Abstract # 4429 Event # 140:

Scheduled for Friday, June 21, 2013 05:00 PM-05:15 PM: Session 19 (Auditorium) Oral Presentation


M. N. Muchlinski and H. Vollrath
University of Kentucky, Department of Anatomy and Neurobiology, 800 Rose Street, MN 210, Lexington, Kentucky 40536, USA
     Despite major differences in morphology and ecology, mammalian species have broadly similar metabolic requirements relative to body size. This suggests that the total energy available for meeting the metabolic needs of the various somatic organs and tissues is constrained. Thus, available energy is allocated differentially depending upon the metabolic needs of each species.
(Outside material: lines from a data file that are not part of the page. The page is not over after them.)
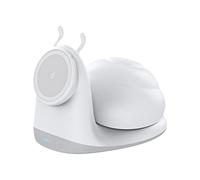 Snail Night Lamp - 15w Magnetic Wireless Charger, Fast Power Dock Station, Soft Bedside Glow | Office Home Convenient Bedside Travel Bedroom Car Nursery Table Nightstand Dorm Desktop Accessory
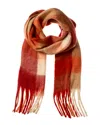 La Fiorentina Plush Scarf In Orange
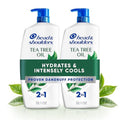 Head & Shoulders Tea Tree Oil 2-in-1 Anti-Dandruff Shampoo & Conditioner, 32.1 fl oz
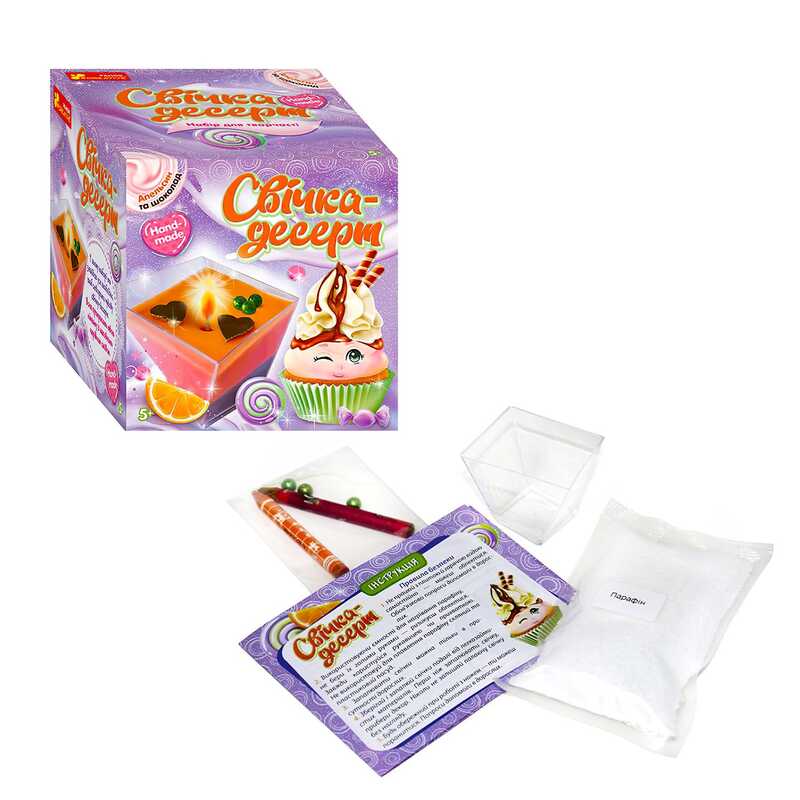 гр Свічка-десерт "Тірамісу" 10100526 (24) "Ранок"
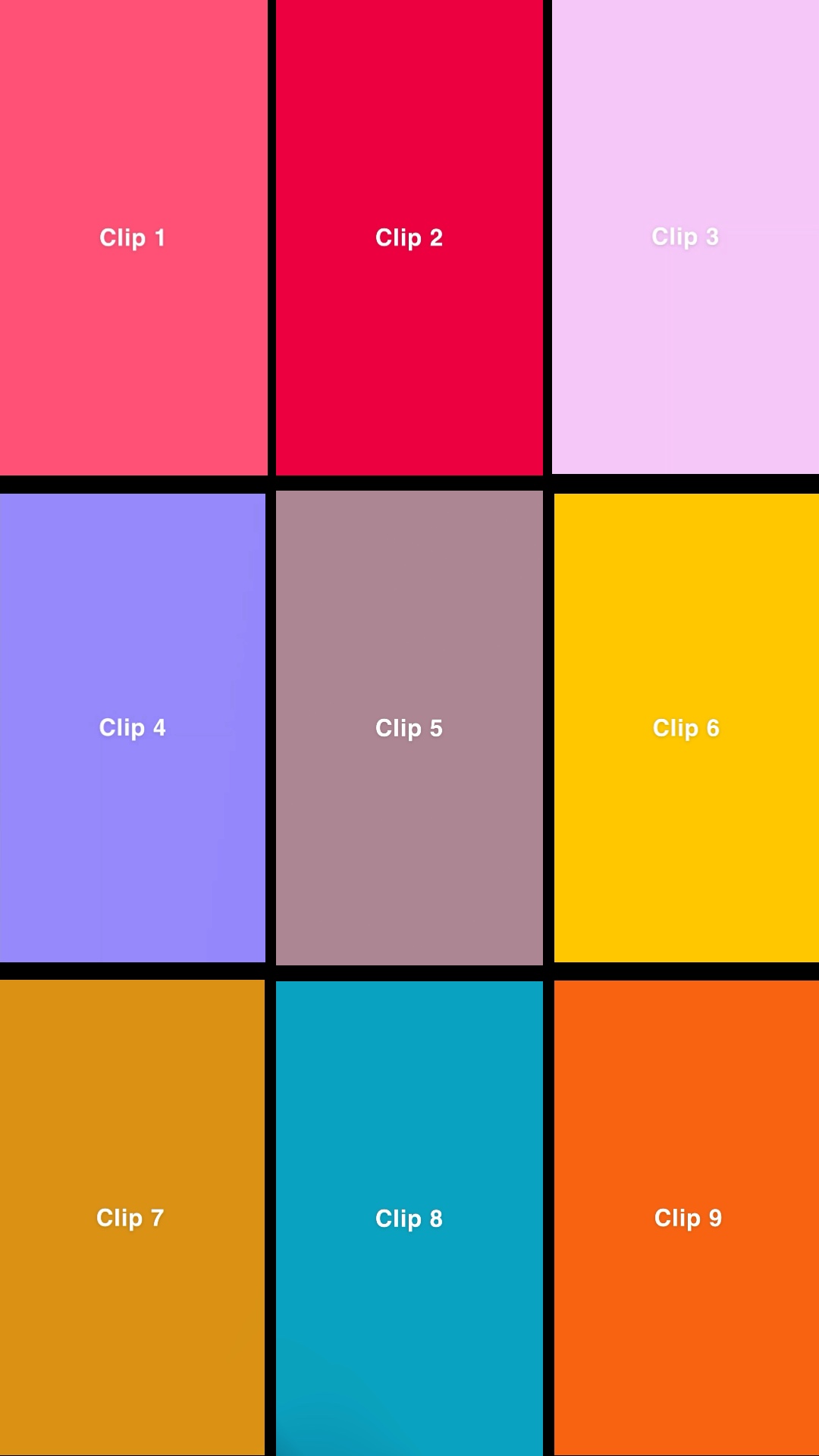 Grade de colagem 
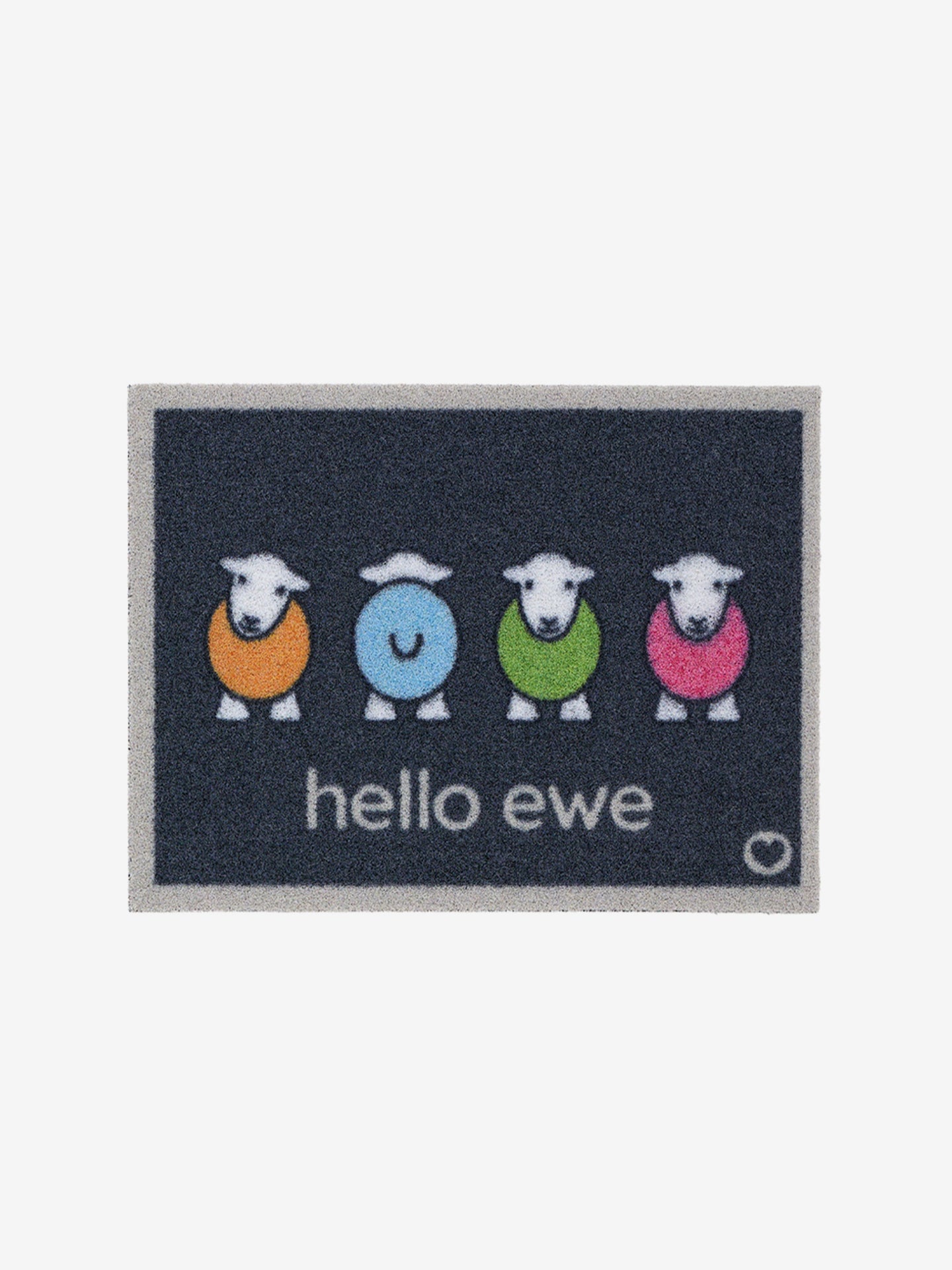 Hello Ewe Outdoor Hug Rug
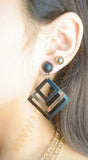 Malta Triple Square Earrings for Girls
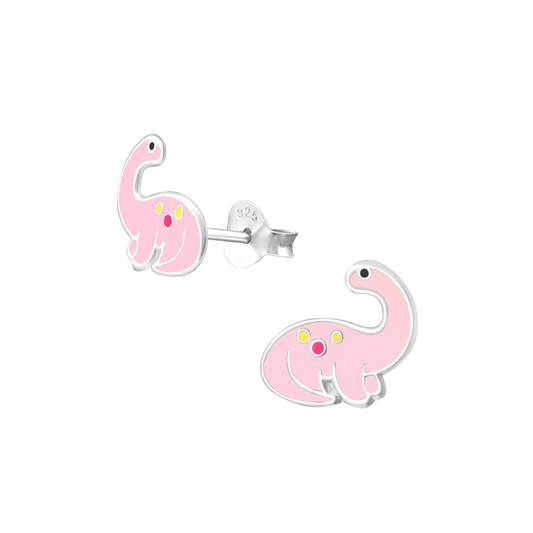 Pink Dinosaur Earrings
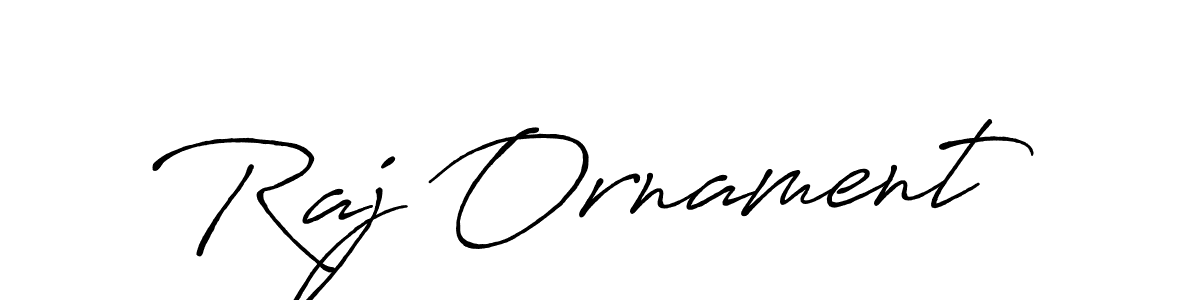 How to make Raj Ornament name signature. Use Antro_Vectra_Bolder style for creating short signs online. This is the latest handwritten sign. Raj Ornament signature style 7 images and pictures png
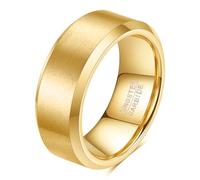 MYNENEY Tungsten Ring 4mm 6mm 8mm Matte Finish Men's Wedding Finger Ring Gold/Silver/Black Signet Ring Men's Comfort Fit 5-12, Tungsten Carbide, Gemstones Free, Tungsten Carbide, No Gemstone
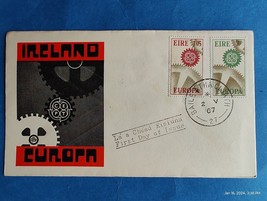 Ireland EIRE FDC First Day of Issue cover Ireland EUROPA  1967 - £5.51 GBP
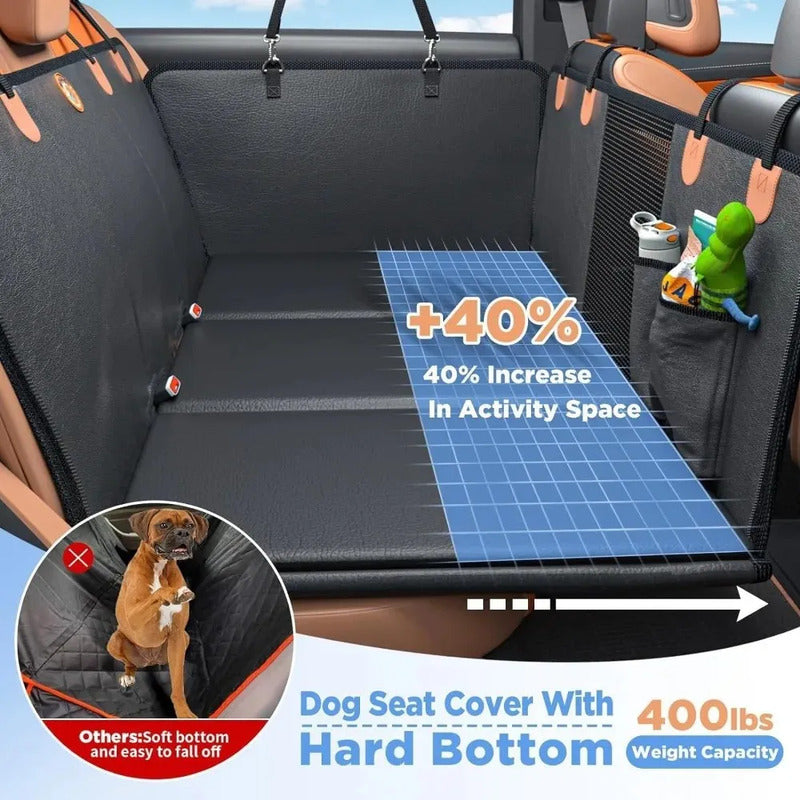 Protector Asiento Auto Perro Base Rígida Espacio Extra 40%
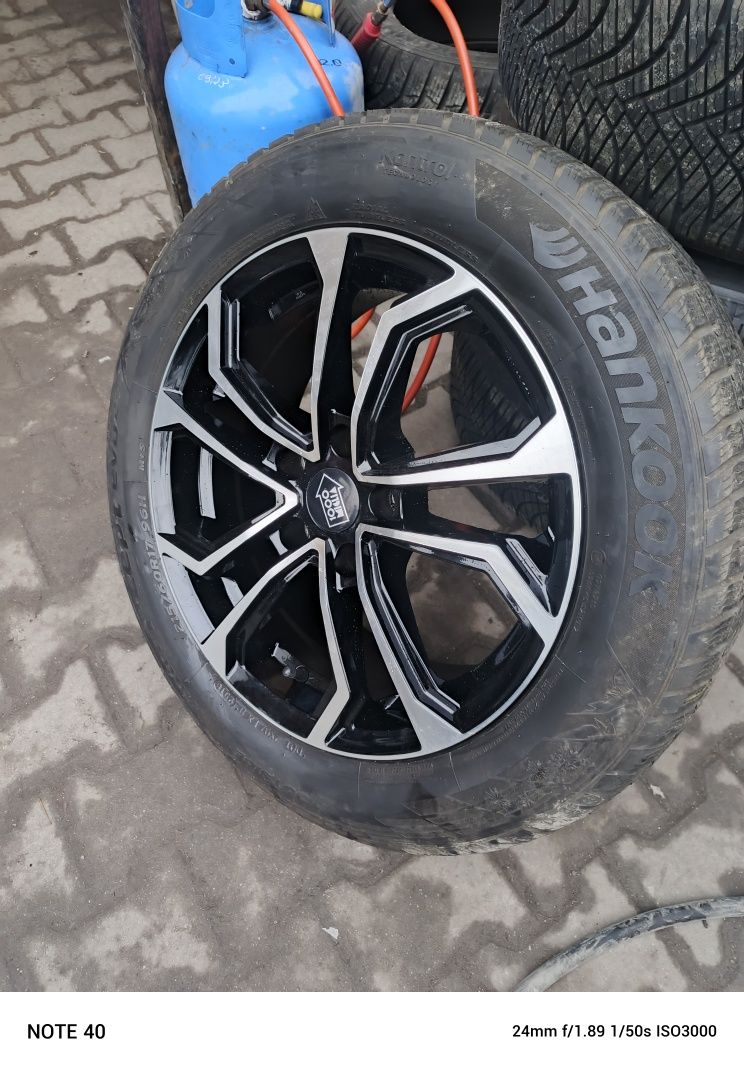 Koło zapasowe Nissan Qashqai Dacia duster renault 215/60/17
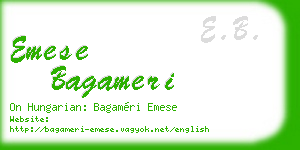 emese bagameri business card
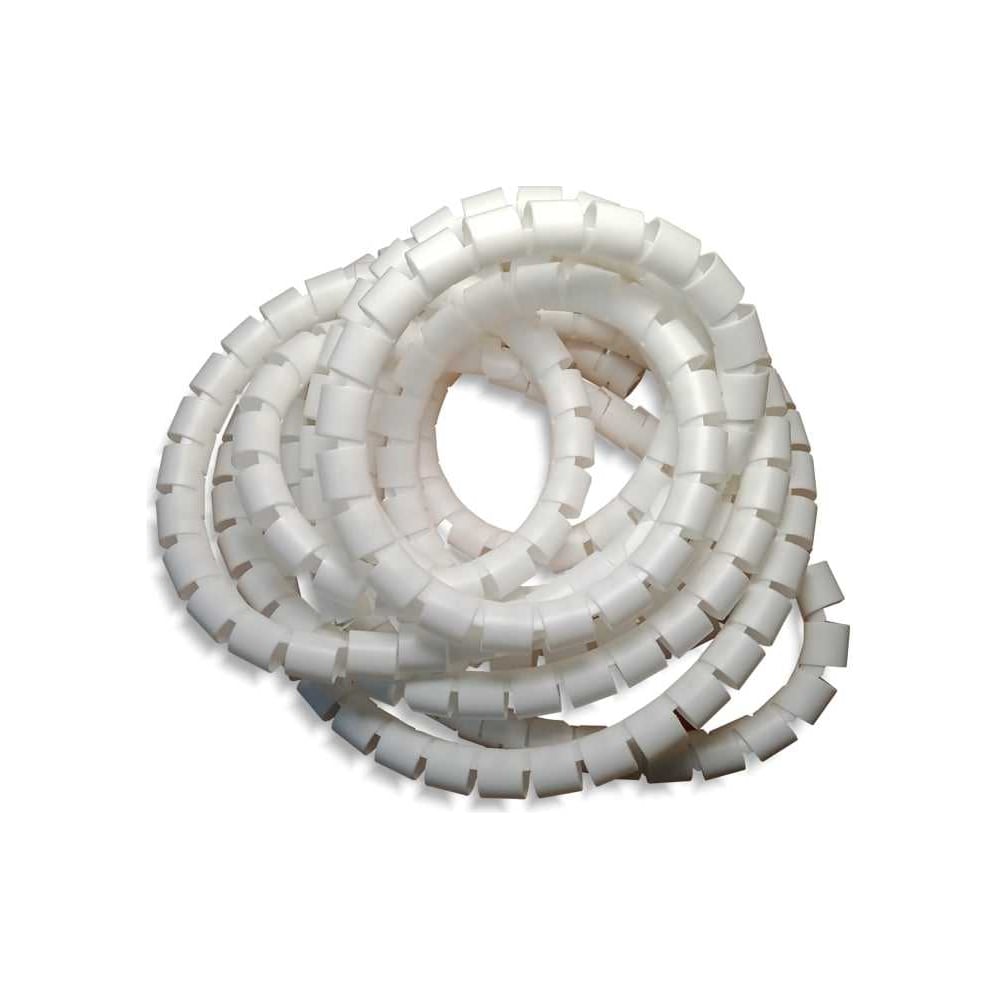 Изображение товара Спиральный полиэтиленовый защитный рукав PARLMU LXQ 22 мм 50 м белый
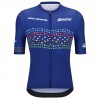 Bekleidung Herren Zurich 2024 Santini UCI Masters Weltmeister trikot-Blau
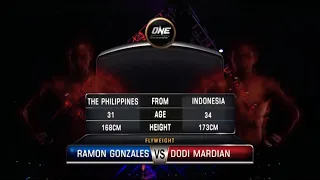 Ramon Gonzales vs Dodi Mardian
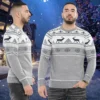Herren-Weihnachtspullover aus 100 % Acryl, 1 Stück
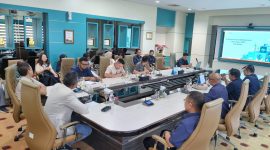 Himpunan Kawasan Industri (HKI) Kepuluan Riau (Kepri) melakukan kunjungan ke Kantor Korporat PT PLN Batam, pada Rabu (24/7) lalu. Foto: PLN Batam untuk INIKEPRI.COM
This is the basis of the Expensive Tissue Hypothesis, which proposes an explanation for how humans are able to maintain large, energy-expensive brains while having resting metabolic rates that are not substantially different from other mammals. Muscle tissue, despite relatively low costs when at rest, requires a substantial portion of overall daily metabolic requirements. We hypothesize that muscle mass will be lower in mammals with large brains. To test this hypothesis, we obtained total muscle mass values from dissection and the literature for 23 primate and 56 non-primate mammals. We measured endocranial volume (ECV) for each species. We compared primates and non-primate mammals in relative muscularity, and examined how muscle mass covaries with ECV. Results indicate that primates are hypomuscular when compared to non-primate mammals (p<0.001). We also documented a negative correlation between relative muscle mass and relative ECV (p<0.05). This suggests that mammals may 'save' energy by reducing muscle mass, which can then be allocated to the brain and other tissues.